A proposito del crollo del ponte Morandi, afferma: “La tragedia di Genova ci impone una svolta rispetto alle politiche intraprese finora, come già prescrive il Codice Appalti 2016, non ancora attuato, va aggiornato il Piano Generale dei Trasporti e della Logistica, per intraprendere una coerente politica delle regole, delle infrastrutture e dei servizi di mobilità nel nostro Paese”.

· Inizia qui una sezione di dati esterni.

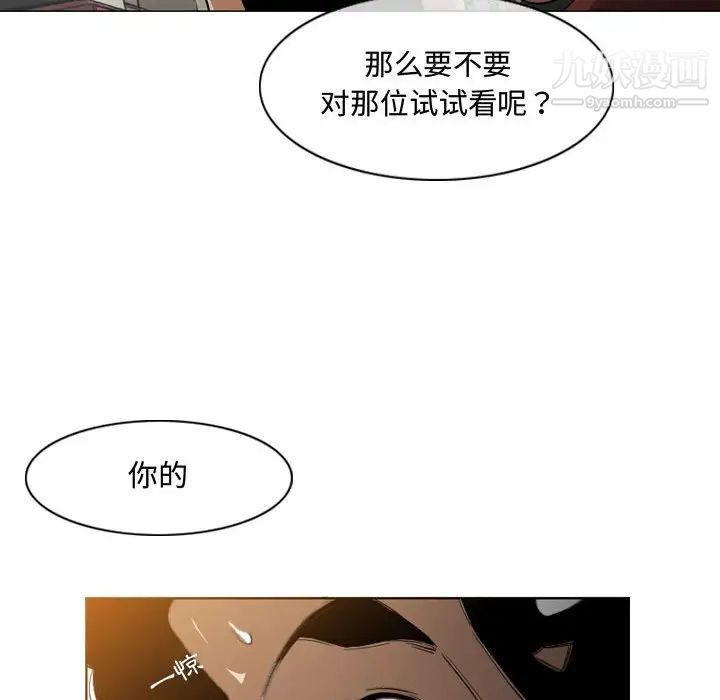 《恶劣时代》漫画 第6話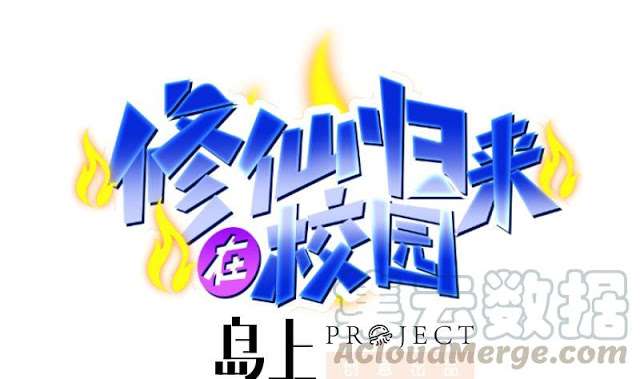 Manhua Cultivation Return on Campus Chapter 51 gambar nomor 2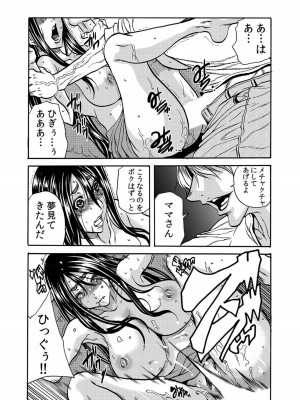 [断華ナオキ] 人妻の隠シ事【電子限定特典付き】1_122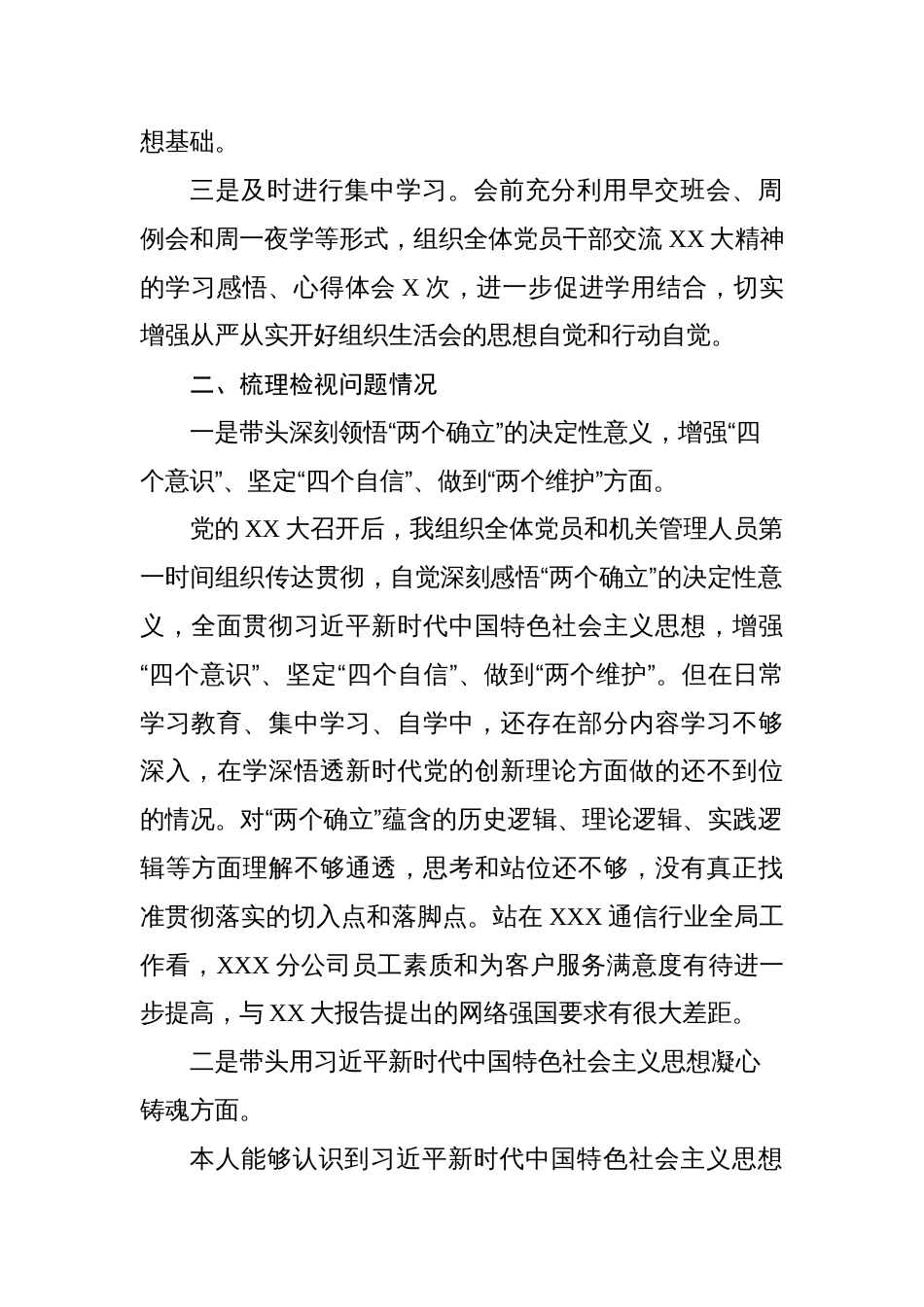 （对照六个带头）通信国企分公司领导班子2022-2023年度组织生活会个人对照检视材料_第2页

Negli ultimi venti anni abbiamo assistito a privatizzazioni senza gara, proroga costante delle concessioni, adeguamento automatico delle tariffe (cresciute per ASPI del 25% in 9 anni), contributi pubblici, defiscalizzazione per le imprese concessionarie… per il crollo del Ponte Morandi possiamo parlare di una politica inerme che ha pensato soltanto ad arricchire il business dei privati e non all’interesse pubblico?
Detta così è un po’ forte, di certo la politica si è rivelata debole e quando ha cercato di introdurre dei cambiamenti, questi cambiamenti non sono stati sufficienti. Ha sempre prevalso quest’idea, soprattutto in tempi di risorse pubbliche molto scarse, che i privati potessero portare migliorie ai servizi investendo i propri utili e costruendo nuove infrastrutture per il Paese.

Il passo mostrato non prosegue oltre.